Caro direttore, il maligno non si rassegna mai, tantomeno quando viene compiuto un gesto simbolicamente fondamentale e senza precedenti. Mentre a Fabriano, al termine della presentazione del mio libro 'Donne crocifisse', il sottosegretario all’Interno, Carlo Sibilia, faceva con coraggio e convinzione “mea culpa”, a nome dell’intera classe dirigente del Paese, per l’abominio della tratta a scopo di prostituzione coatta, ad alcune centinaia di chilometri, il governatore della Lombardia tornava ad auspicare la legalizzazione di questa indegna forma di schiavitù.

Eppure è passata soltanto una manciata di mesi dal grido del presidente della Repubblica Sergio Mattarella «mai più schiave », lanciato al Quirinale, la “casa degli italiani” trasformata in luogo di riscatto per la Giornata della Donna dedicata nell’occasione alle vittime della tratta. Parole e impegni opposti, dunque, nelle stesse ore. Il sottosegretario Sibilia, in una sala gremita, ha segnato il limite umano e culturale da non calpestare mai più: «La dignità della persona è sacra, non si comprano un corpo e un’anima, se tutto ha un prezzo, nulla ha più valore». Aria sana, fresca, rigenerante, una richiesta di perdono senza precedenti, talmente inedita da non avere, forse, la ribalta mediatica che merita. Molto più facile e scontato appellarsi alle «necessità fisiologiche» dei maschi, come ha fatto il presidente lombardo Attilio Fontana, per cantare la stucchevole e nauseante filastrocca dei bordelli da riaprire, magari anche per raccattare qualche “marchetta” sotto forma di imposizione fiscale.
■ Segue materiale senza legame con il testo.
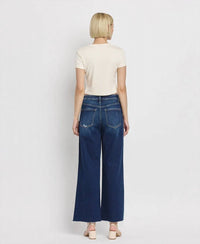 Vervet By Flying Monkey - Tummy Control Super High Rise Ankle Wide Leg Jeans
Dallo Stato pappone delle vecchie case chiuse passeremmo alla Regione pappona dei moderni ghetti dell’eros. Tre anni fa, papa Francesco venne a visitare una nostra casa rifugio per le vittime della prostituzione coatta e sentì il bisogno di chiedere perdono per tutti i sedicenti cristiani che avevano violato la dignità di quelle che don Oreste Benzi chiamava le «nostre sorelline» e che un direttore di giornale onnipresente in tv, ripetutamente sprezzante nei confronti della dignità umana, bolla scandalosamente come «puttane». Il libro 'Donne crocifisse' si conclude con un sogno: la richiesta di perdono da parte dei governanti. Ora quel sogno inizia a realizzarsi, nonostante il diavolo ci metta continuamente coda e artigli. Certo, non possiamo dire di ritenerci soddisfatti. Però adesso sappiamo cosa ribattere quando qualcuno dirà che solo un’autorità religiosa può chiedere perdono per la mancata osservanza di norme etiche e non certo un governante alle prese con l’amministrazione di questioni concrete. Nulla di più falso! Un crimine contro l’umanità è abbastanza concreto? I politici, insomma, devono scegliere di stare dalla parte di chi chiede perdono, piuttosto che schierarsi con chi vuole continuare a umiliare la dignità delle donne crocifisse.